Thursday, 21 April 2011

Kurds alter cultural and linguistic fabric of non-Kurdish areas around Iraq’s Mosul

By Samer Saeed

Azzaman, April 19, 2011

There are grave concerns in Mosul, the provincial capital of Nineveh, that Kurds are on their way to add the provincial districts and villages they control to their dominions.

A statement, issued by the Unified National Trend, a political faction in the city, said the Kurds, relying on their heavily armed militias, were treating the provincial areas under their control as part of Kurdish territory.

The statement, signed by the group’s leader, Nourideen al-Hayali, said the Kurds were even trying to alter the linguistic and cultural character of the provincial districts they occupied shortly after the 2003-U.S. invasion of Iraq.

Most of the small towns and villages to the north and north west of Mosul, which administratively are an integral part of Nineveh Province, are now under Kurdish militia occupation.
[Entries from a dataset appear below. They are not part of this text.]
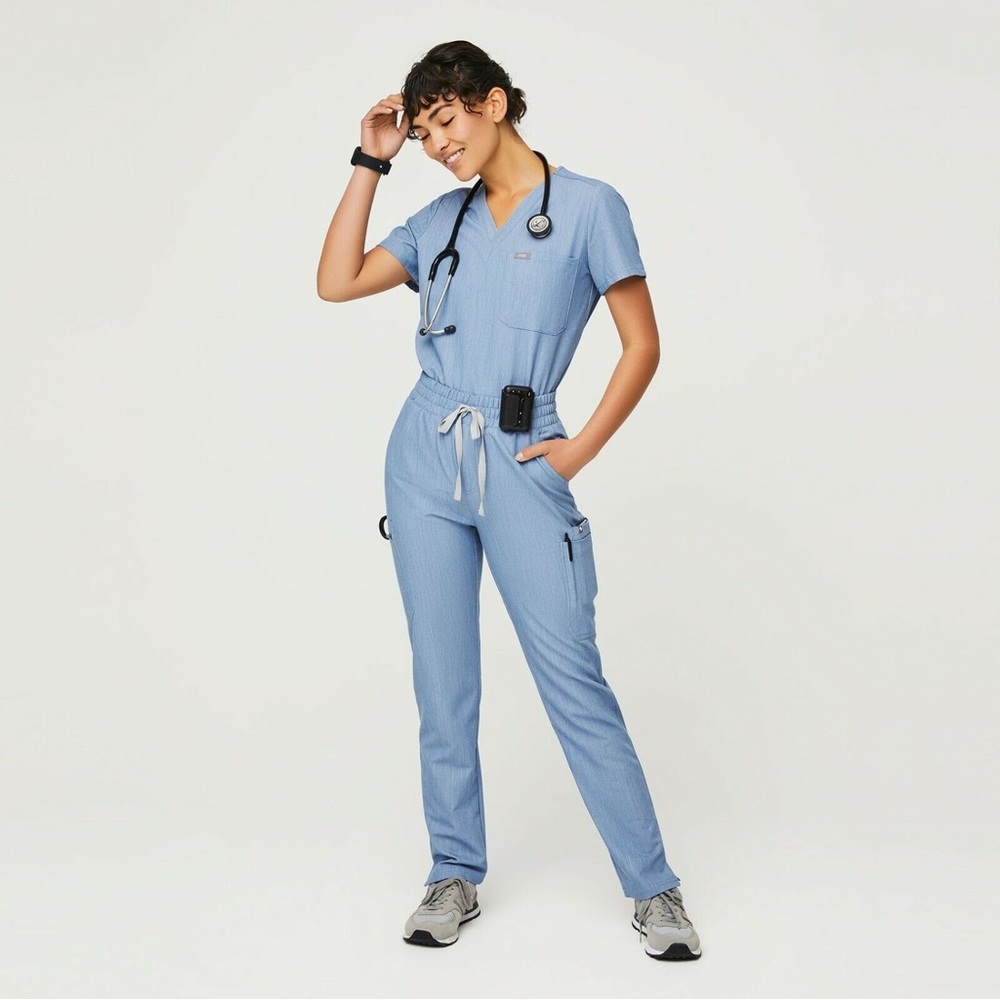 Heather Indigo Figs Scrubs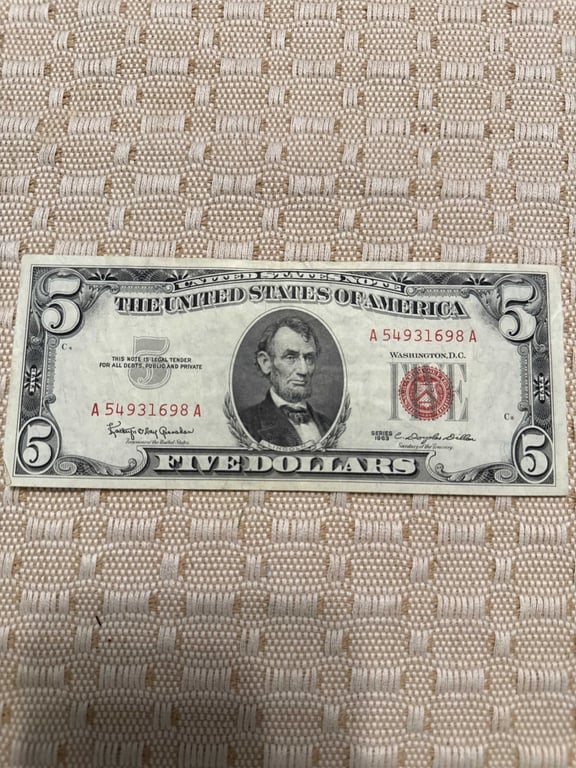 1963 $5.00 Red Seal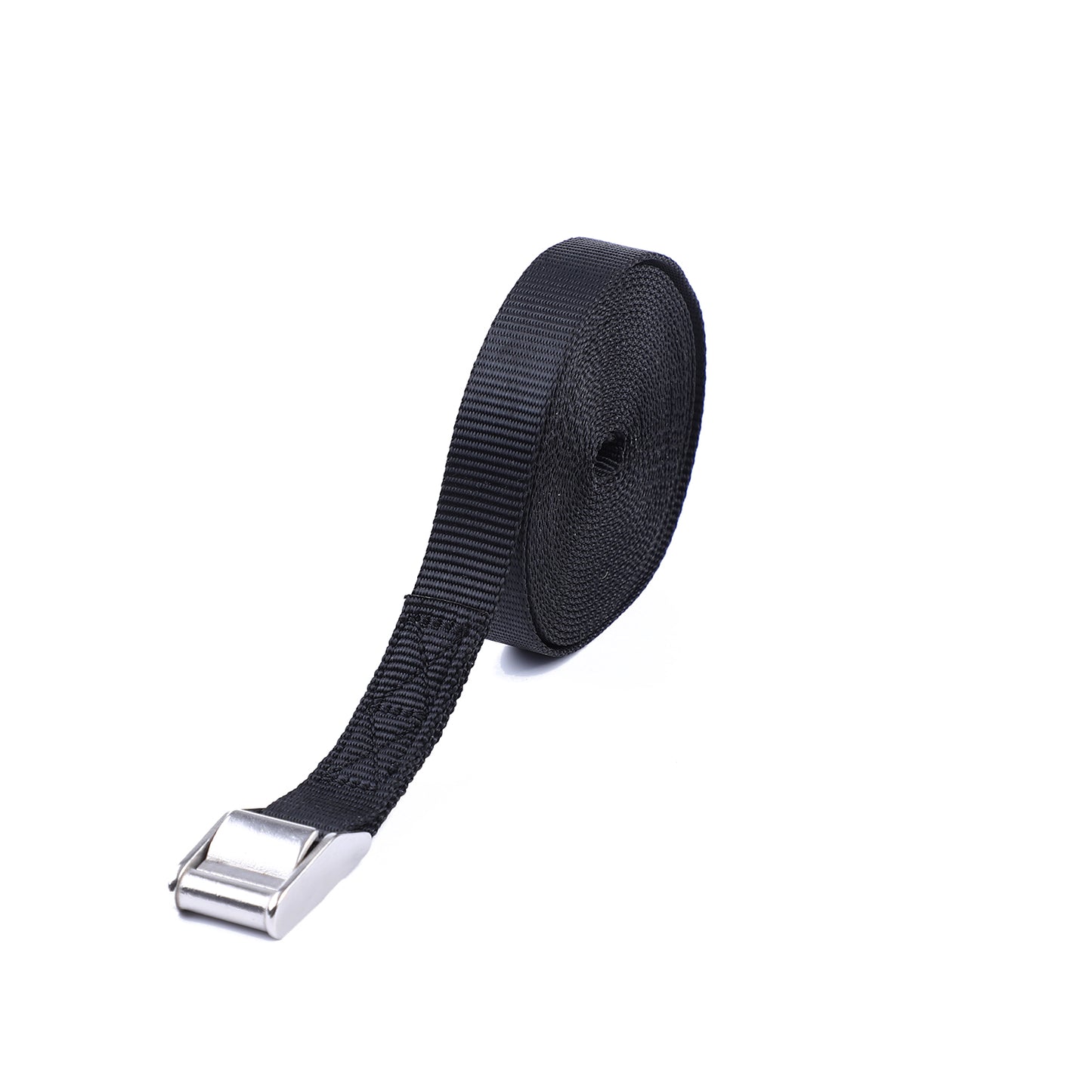 1 Inch/25 mm Black Endless Stainless steel Cam Buckle Strap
The administration of education, health and local government in these areas is a prerogative of Nineveh Province and the provincial council in Mosul.

But the Kurds are reported to be seizing the opportunity of the absence of Iraqi troops and security forces to spread their cultural domination of the areas under their control.

Hayali claimed in his statement that the Kurds were forcing their language as the medium of instruction in schools in districts and villages where Arabs, Turkmen or Syriac-speaking Iraqi Christians are the majority.

He said more than 200 school which used to offer courses and programs in Arabic have been seized, and their teaching staff replaced by Kurdish-speaking instructors.

He cited Baashiqa, a predominantly Syriac-speaking Christians, and its environs, where he said more than a 1000 schools have been forced to switch to Kurdish.